Exercise requirements.
Your task is to transcribe, word for word, the line containing "OBCHODY 80. ROCZNICY" and all lines that follow it to the end of the entries. Leave out the pictures.

Data for processing.
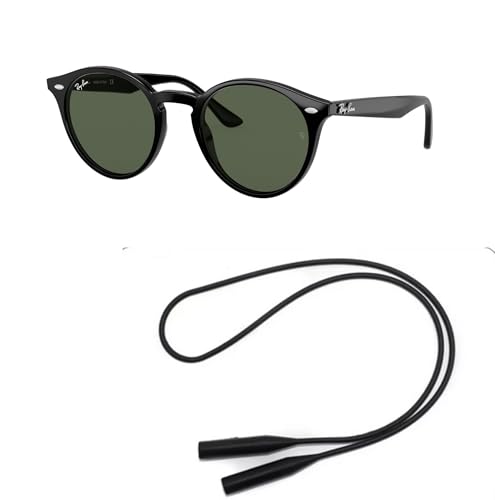 Ray-Ban RB2180 Sunglasses Bundle: RB 2180 601/71 Black Dark Green and Universal Anti-slip Silicone Leash2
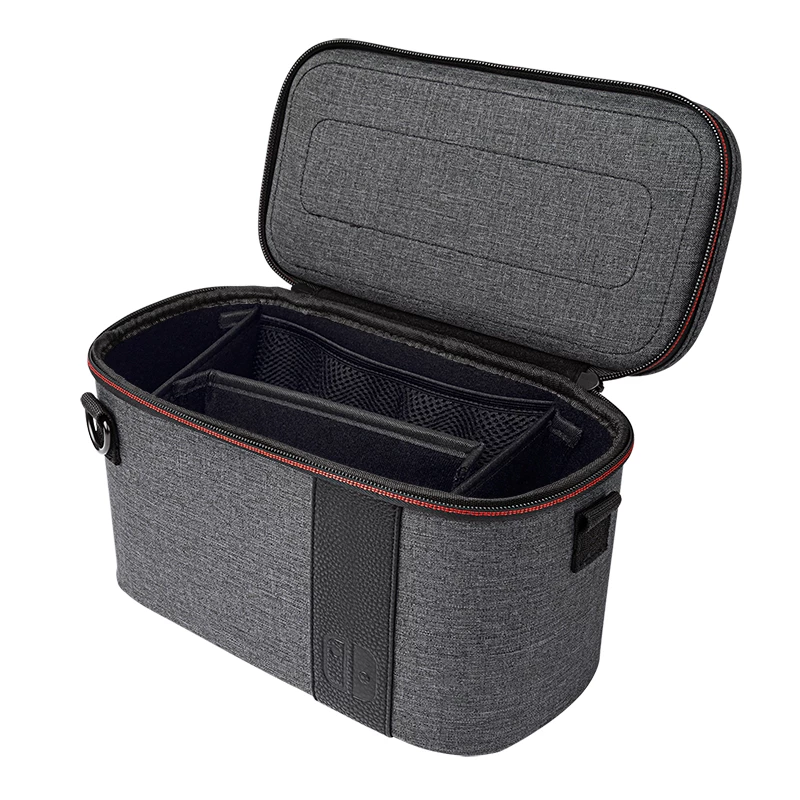 PDP 500-141-EU draagbare spelconsole-tas hardcase Nintendo grijs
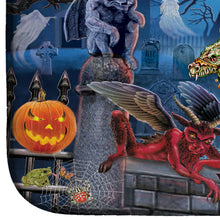 Load image into Gallery viewer, Littlest Witch's Halloween Party Dish Drying Mat – Absorbent, Artistic Kitchen Essentials PRS4048DDM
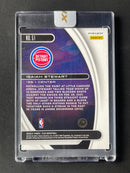 2020-21 Panini Flux Isaiah Stewart Titan Rookies Encased Silver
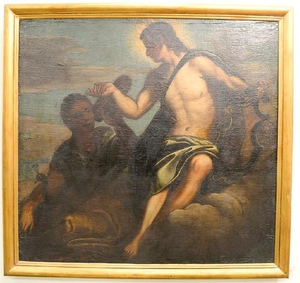 Large Italian School, oil on canvas, Two Male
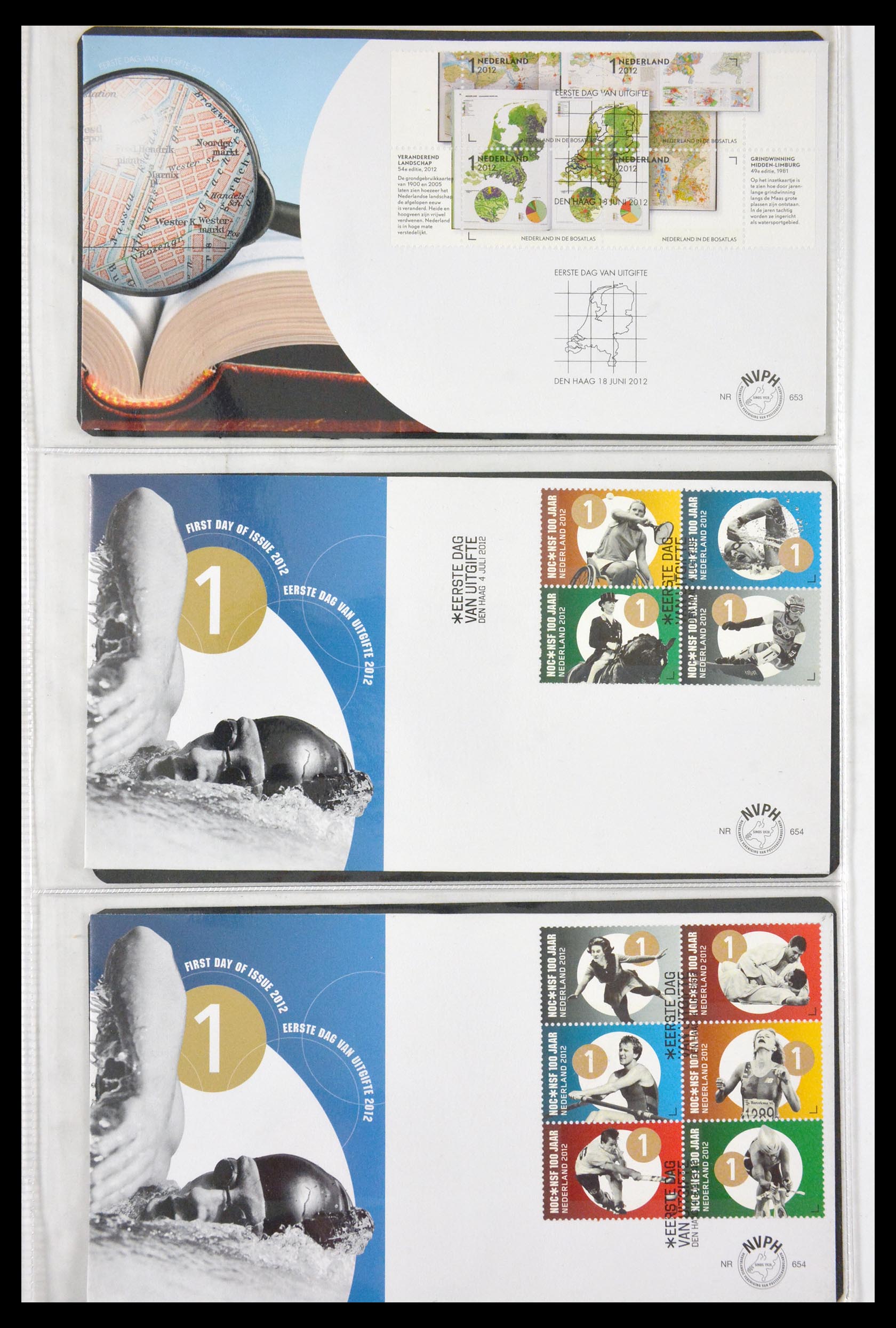 29850 091 - 29850 Netherlands FDC's 2001-2012.
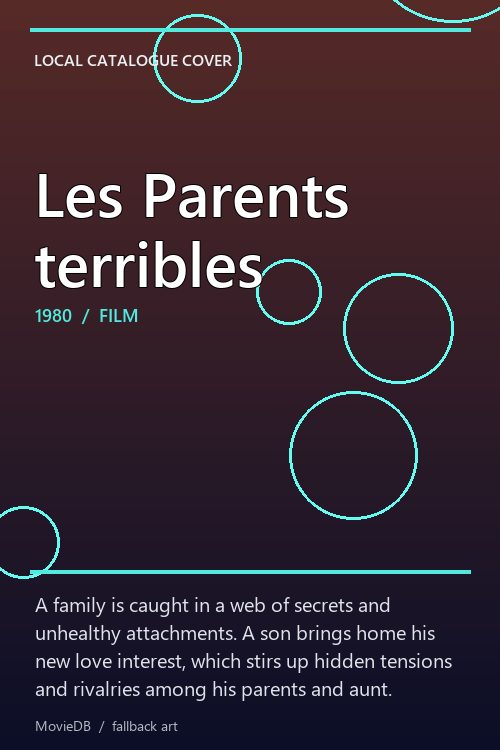 Les Parents terribles poster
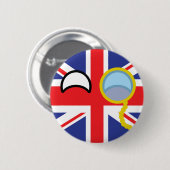 おもしろいな向くオタク系のなイギリスCountryball 缶バッジ (正面&裏面)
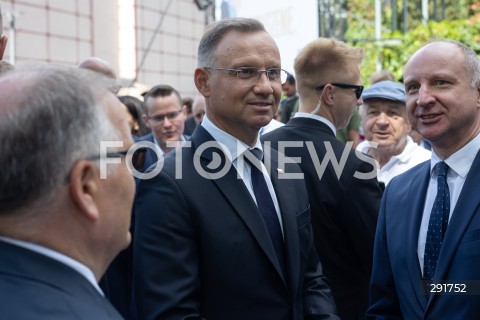  30.07.2024 WARSZAWA<br />
OBCHODY 80. ROCZNICY POWSTANIA WARSZAWSKIEGO W WARSZAWIE <br />
SPOTKANIE PREZYDENTA RP Z BOHATERAMI POWSTANIA<br />
N/Z ANDRZEJ DUDA WOJCIECH KOLARSKI <br />
FOT. ANTONI BYSZEWSKI/FOTONEWS 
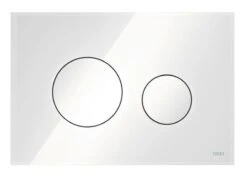 Tece TECEloop - Placca Di Comando, Vetro Bianco/bianco 9240650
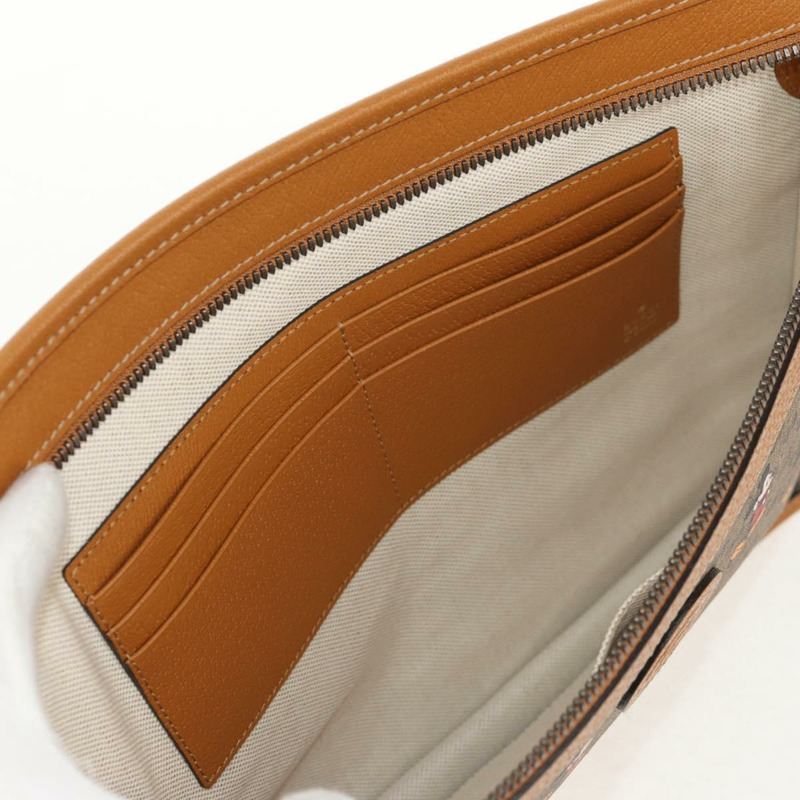 【日本直送】GUCCI GUCCIxDisney GG Supreme 手拿包 PVC 米色金色 602552 正品 152362M-21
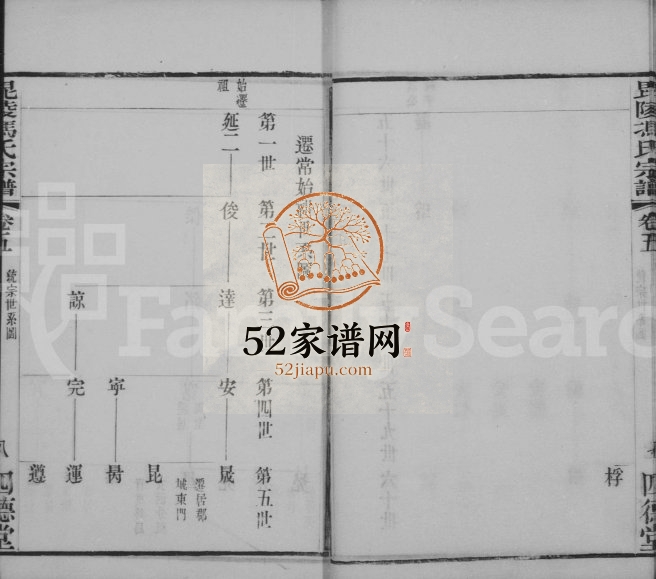 1903年修冯氏宗谱[18卷]江苏武进四德堂冯姓电子版族谱下载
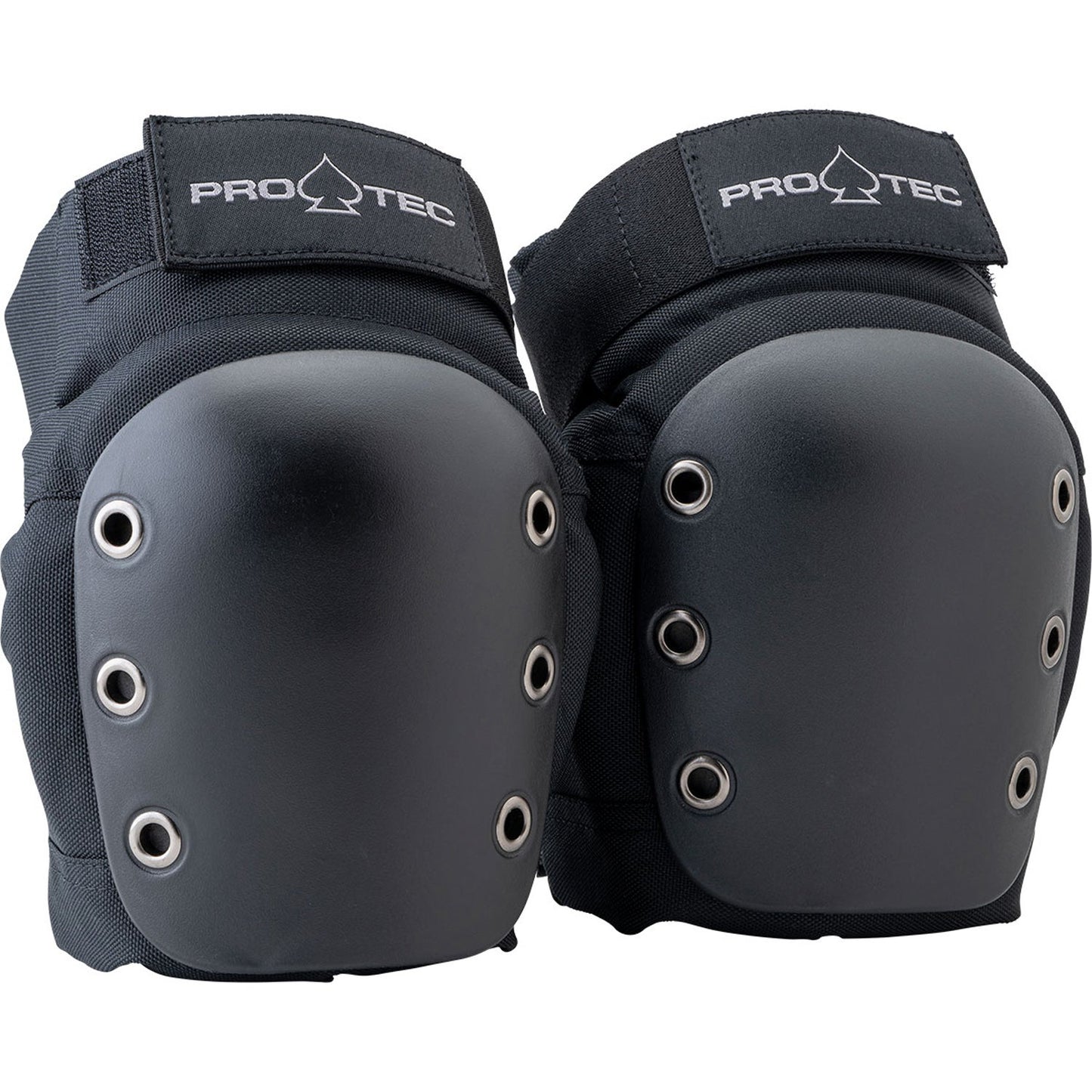 Street Open Back Pads 3-Pack Junior - Black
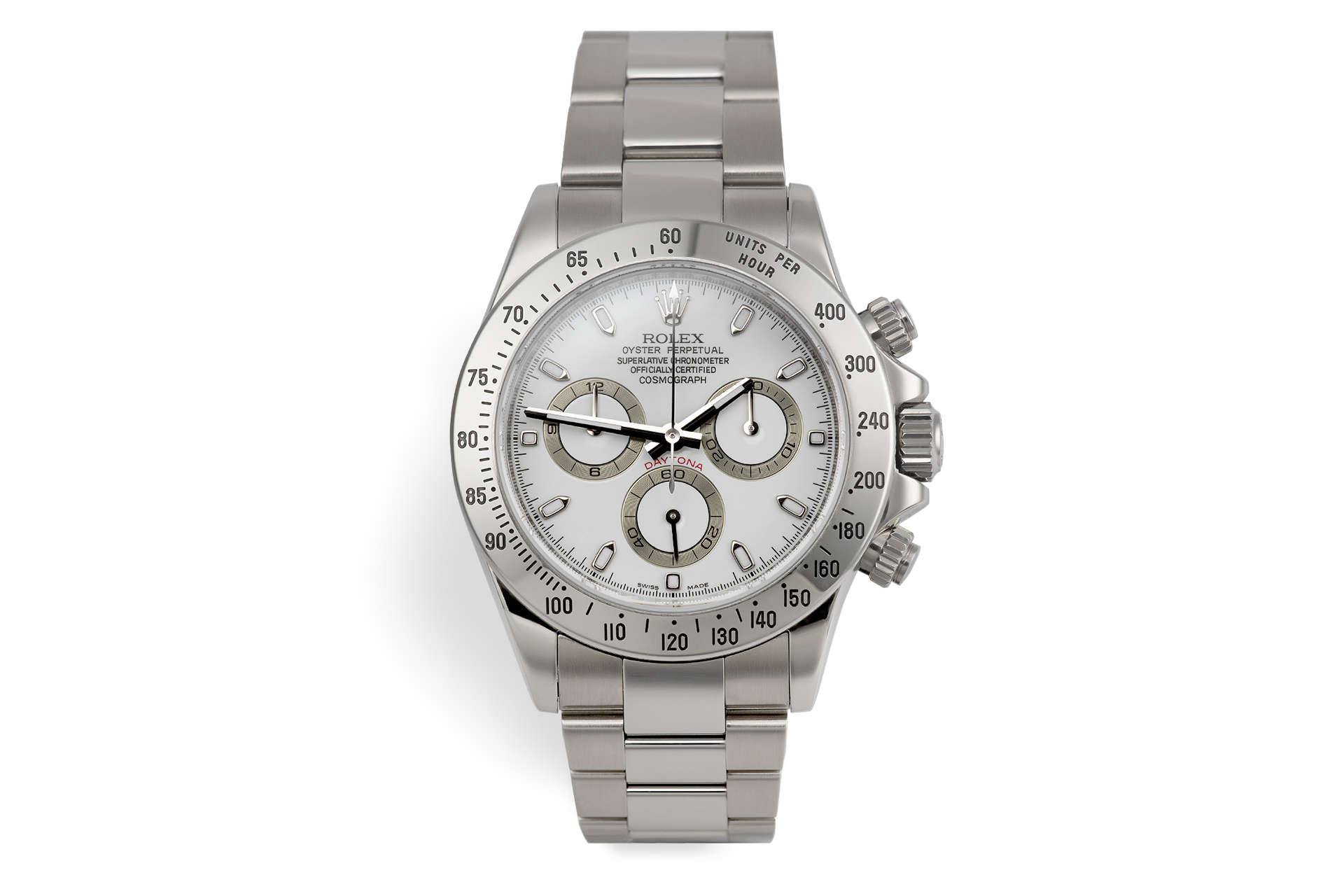 rolex daytona silver white dial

Result below.
OBCHODY 80. ROCZNICY POWSTANIA WARSZAWSKIEGO W WARSZAWIE <br />
SPOTKANIE PREZYDENTA RP Z BOHATERAMI POWSTANIA<br />
N/Z ANDRZEJ DUDA WOJCIECH KOLARSKI <br />
FOT. ANTONI BYSZEWSKI/FOTONEWS 
 Tece TECEloop - Placca Di Comando, Vetro Bianco/bianco 9240650
 【日本直送】GUCCI GUCCIxDisney GG Supreme 手拿包 PVC 米色金色 602552 正品 152362M-21
 1903年修冯氏宗谱[18卷]江苏武进四德堂冯姓电子版族谱下载
 Street Open Back Pads 3-Pack Junior - Black
 rolex daytona silver white dial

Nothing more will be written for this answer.